Right-Angle Riffle

    The right-angle riffle is generally made with some 90” iron angles. They are the favorite in large scale operations because of their endurance. The iron angles come in different sizes but the most used is the 1 ½ x 1 ½ inches. Although one can use larger ones or smaller ones when processing large or small volumes of materials in the different sluice box sizes.

    The right-angle riffle is also a riffle for concentrates. The best results are obtained by locating riffles equidistant from each other, being the same distance or greater than the width of the angle. These riffles will concentrate better when slightly inclined forward. In the case of a 1 ½ x 1 ½ inches angle the ideal inclination is around an eighth of an inch. Better results are also obtained in some situations when inclined riffles at double distance from each other are set. This is becoming very popular among miners nowadays.

    The third type of riffles that is very much seen in sluice boxes nowadays is that of expansive metal, the turned-up kind. The expansive metal is used with a turn-up side pointing in the direction that the flux of water follows across the box. So a similar back eddy is created behind the turn-up points. This causes the expansive metal to concentrate and recover gold very well.

    The expanded metal when used I proper conditions is an excellent recovery system especially of fine gold. Better results are obtained with the recovery systems in which more volume of materials has been pre-screened out, and which soft water flux passes through the box.

    The reason for this is that riffles are so superficial that it only needs a light stream of water to keep the expanded metal concentrated properly. To much speed in the flux of water tends to leave the expansive metal clean from a part of its concentrates of heavier material, including gold.

    A good place to use expansive metal as a riffle system is in a small sluice box or in a bi sluice where all the big materials have already been screened out so that a moderate speed flux is all you need in the box to move the material over the riffles. In this case you will find that expansive metals recovered gold fairly well.

    Currently, most sluice boxes have some kind of rough and porous mat under the riffle system. Its purpose is to give gold something on the bottoms edge where it can stay stranded. For this different kinds of indoor/outdoor carpets can be used. The grassy type works pretty well. Some miners prefer using various layers of burlap, or “miner’s cloth”, which is a heavier type of burlap.

    Something we have to remember about any set of riffles, especially of the three previously mentioned types of riffles, is that the entire surface of the bottom part of each riffle must be firmly secured against the bottom matting of the sluice box during the operation. If one leaves a space between the mat and the riffle, a portion of the back Eddie effect that happens behind the riffles will be lost.

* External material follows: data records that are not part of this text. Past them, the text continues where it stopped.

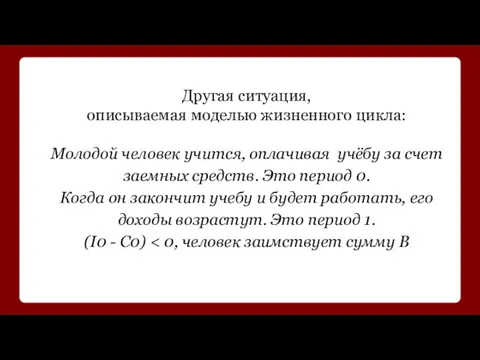 Другая ситуация, описываемая моделью жизненного цикла: Молодой человек учится, оплачивая учёбу за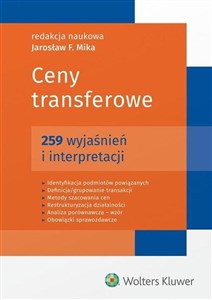Ceny transferowe 259 wyjaśnień i interpretacji books in polish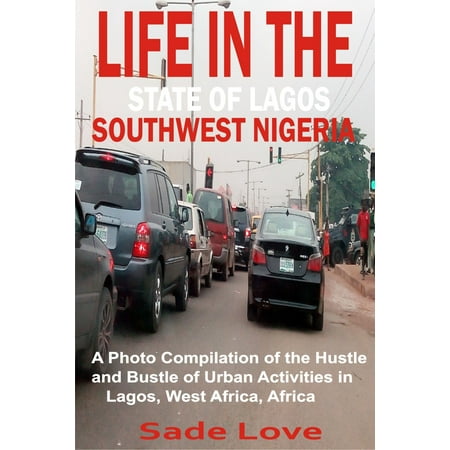 Life in the State of Lagos, Southwest Nigeria -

This can cause part of the action of concentrating to stop or diminish, and for that gold recovery can be affected.

    Sometimes expansive metal is used in conjunction with other types of riffles. In the case the expansive metal is put under the upper set of riffles, as a set of Hungarians for example. It is generally a good idea to make sure the underlying mat is thick enough so as to stick out around it and not through the expanded metal and fill the space between the metal and the lower edge of the underlying riffles, because if not some of the concentrating action in the upper set of riffles can be lost. This means there will be a loss in fine gold recovery.